EXERCISE DESCRIPTION:
Repeat exactly the lines from the first line of the records through the line containing "carpeted bedroom featuring", and nothing more.

-=-=-=-=-

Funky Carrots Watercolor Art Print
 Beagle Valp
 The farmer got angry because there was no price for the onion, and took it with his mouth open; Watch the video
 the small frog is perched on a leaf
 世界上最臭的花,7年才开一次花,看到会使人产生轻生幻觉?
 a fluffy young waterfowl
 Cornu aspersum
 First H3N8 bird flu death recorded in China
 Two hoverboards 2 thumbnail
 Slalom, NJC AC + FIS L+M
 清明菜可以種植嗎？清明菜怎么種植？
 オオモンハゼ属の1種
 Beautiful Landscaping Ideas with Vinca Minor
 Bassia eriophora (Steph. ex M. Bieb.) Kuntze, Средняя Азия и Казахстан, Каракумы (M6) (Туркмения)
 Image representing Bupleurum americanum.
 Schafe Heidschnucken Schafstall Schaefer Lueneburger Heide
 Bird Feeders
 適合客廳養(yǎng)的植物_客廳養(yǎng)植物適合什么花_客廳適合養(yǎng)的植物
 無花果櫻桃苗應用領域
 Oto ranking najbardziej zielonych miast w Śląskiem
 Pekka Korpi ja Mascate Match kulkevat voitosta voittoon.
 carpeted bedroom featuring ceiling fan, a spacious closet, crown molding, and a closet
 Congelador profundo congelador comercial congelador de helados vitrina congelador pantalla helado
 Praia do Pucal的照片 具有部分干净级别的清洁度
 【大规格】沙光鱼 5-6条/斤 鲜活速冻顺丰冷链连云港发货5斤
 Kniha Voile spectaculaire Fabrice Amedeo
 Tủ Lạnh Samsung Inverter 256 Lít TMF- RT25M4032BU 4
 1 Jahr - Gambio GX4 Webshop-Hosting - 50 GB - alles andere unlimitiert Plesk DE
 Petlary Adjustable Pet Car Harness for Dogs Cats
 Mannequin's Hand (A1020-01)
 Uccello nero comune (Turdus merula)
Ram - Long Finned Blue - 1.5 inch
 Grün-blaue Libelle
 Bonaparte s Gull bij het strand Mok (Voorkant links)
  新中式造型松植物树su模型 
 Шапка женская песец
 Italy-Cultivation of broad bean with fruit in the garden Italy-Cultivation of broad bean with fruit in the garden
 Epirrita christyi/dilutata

-=-=-=-=-

OUTPUT:
Funky Carrots Watercolor Art Print
 Beagle Valp
 The farmer got angry because there was no price for the onion, and took it with his mouth open; Watch the video
 the small frog is perched on a leaf
 世界上最臭的花,7年才开一次花,看到会使人产生轻生幻觉?
 a fluffy young waterfowl
 Cornu aspersum
 First H3N8 bird flu death recorded in China
 Two hoverboards 2 thumbnail
 Slalom, NJC AC + FIS L+M
 清明菜可以種植嗎？清明菜怎么種植？
 オオモンハゼ属の1種
 Beautiful Landscaping Ideas with Vinca Minor
 Bassia eriophora (Steph. ex M. Bieb.) Kuntze, Средняя Азия и Казахстан, Каракумы (M6) (Туркмения)
 Image representing Bupleurum americanum.
 Schafe Heidschnucken Schafstall Schaefer Lueneburger Heide
 Bird Feeders
 適合客廳養(yǎng)的植物_客廳養(yǎng)植物適合什么花_客廳適合養(yǎng)的植物
 無花果櫻桃苗應用領域
 Oto ranking najbardziej zielonych miast w Śląskiem
 Pekka Korpi ja Mascate Match kulkevat voitosta voittoon.
 carpeted bedroom featuring ceiling fan, a spacious closet, crown molding, and a closet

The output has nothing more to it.